Enasidenib come mantenimento dopo trapianto allogenico di cellule ematopoietiche per neoplasie mieloidi con mutazione IDH2

Le mutazioni IDH2 ( isocitrato deidrogenasi 2 ) si verificano in circa il 15% dei pazienti con leucemia mieloide acuta ( AML ).
L'inibitore IDH2 Enasidenib ( Idhifa ) è stato approvato per la leucemia mieloide acuta recidivante o refrattaria con mutazione IDH2.

È stato condotto uno studio multicentrico di fase I di mantenimento con Enasidenib dopo trapianto allogenico di cellule ematopoietiche ( HCT ) nei pazienti con neoplasie mieloidi mutate IDH2.

Due livelli di dose, 50 mg e 100 mg al giorno, sono stati studiati in un progetto di aumento della dose, con 10 pazienti aggiuntivi trattati alla dose raccomandata di fase 2 ( RP2D ).
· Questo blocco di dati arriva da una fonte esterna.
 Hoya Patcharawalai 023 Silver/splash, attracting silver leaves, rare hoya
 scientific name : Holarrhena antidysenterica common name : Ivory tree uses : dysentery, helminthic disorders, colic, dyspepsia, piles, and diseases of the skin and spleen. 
Enasidenib è iniziato tra i giorni 30 e 90 dopo trapianto HCT ed è continuato per dodici cicli di 28 giorni.

Sono stati arruolati 23 pazienti, di cui 19 hanno iniziato il mantenimento post-HCT. 2 avevano la sindrome mielodisplastica e 17 avevano leucemia mieloide acuta.
Tutti tranne 3 erano nella prima remissione completa.
Non sono state osservate tossicità dose-limitanti e il dosaggio RP2D è stato stabilito a 100 mg al giorno.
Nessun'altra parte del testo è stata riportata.